Monday, 26 December 2011
"I am leaving behind everything that is artificial," announced Paul Gaugin to his friends when he was 43 years old. "I have decided to go back to nature and devote the rest of my life to painting."
Gauguin left Europe for Central America and later moved to an island in the South Pacific where he produced a series of paintings to which no one paid much attention.
Destitute and ignored by the public, Gaugin died in 1903, when he was only 55 years old. Long after his death, critics recognized him as a genius. Nowadays, each of his paintings is worth millions.
Paul Gaugin's biography is the quintessential story of the unrecognised artist living in miserable conditions. Disillusioned by his lack of success, he became an alcoholic, an aspect that must have contributed to shortening his life.
I do like Paul Gaugin's paintings, although they don't belong to my favourites. I will leave to art critics the job of praising Gaugin's work, since for me, this is not the lesson to be drawn from the story.
My point is that Paul Gaugin made a mistake.
His was the kind of huge error that is often portrayed as heroic sacrifice. The fact is that nobody needs to ruin his life in order to become a great painter, inventor, musician, or entrepreneur.
Do you think that Gaugin would have lived longer if he had stayed in Europe and worked further at his job? Certainly, since he was a stockbroker. Would he had produced such great paintings if he had devoted just his evenings and weekends to art? In my view, that's most likely.
"Paul, your idea of leaving everything behind is pure nonsense," I would have told Gaugin if I had been one of his friends. "There are better ways to do things." I guess that he might have been curious to hear my advice, so here it is.

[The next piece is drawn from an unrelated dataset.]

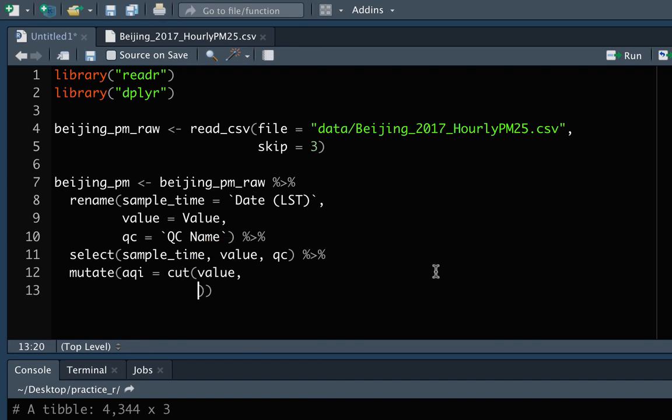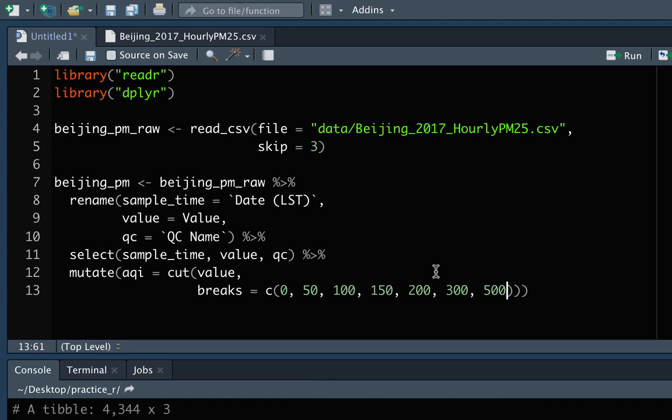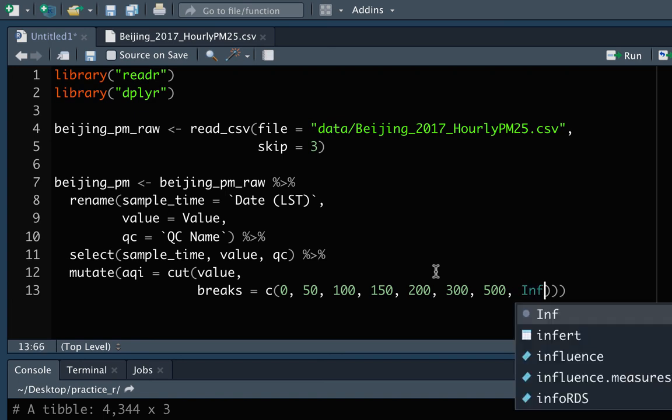So the breaks that we want, these are all defined by where those break points are in the definition of the AQI level. So it's 0, 50, 100, 150, I believe 200, 300, 500. And then every now and then there'll be a value above that top level and that's called beyond index, but that could go infinitely high. So we'll actually use INF, which stands for infinite.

1. For succeeding in art, like in any other field, persistence plays a much bigger role than talent. A little every day amounts to a lot in the long term.

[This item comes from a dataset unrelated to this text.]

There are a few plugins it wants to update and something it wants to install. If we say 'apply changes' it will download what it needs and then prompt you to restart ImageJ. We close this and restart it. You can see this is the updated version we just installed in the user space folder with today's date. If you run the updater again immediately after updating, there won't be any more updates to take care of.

2. Extraordinary skill and expertise are the result of learning from a long series of failures. Take your time to make mistakes.
3. Giving up something in exchange of nothing is counter-productive. Advance slowly and make each step worthwhile.
4. Innovation in art, business, or philosophy needs a long time to catch the public's attention. You need to be both relentless and realistic.
5. Instead of wasting time complaining, devote your efforts to promoting your work. Flawless marketing comes no easier that perfect art.
Be patient. Build your pyramid stone by stone. One day, your monument will be so high that no one will be able to ignore it. Forget questionable ideas that lead to uncertain results.
Go for the gold. Persistence and patience work in most cases. Giving up everything and throwing yourself to the wolves is not a good approach. When you are faced with unproven ideas, follow my formula: abdicate what you cannot demonstrate.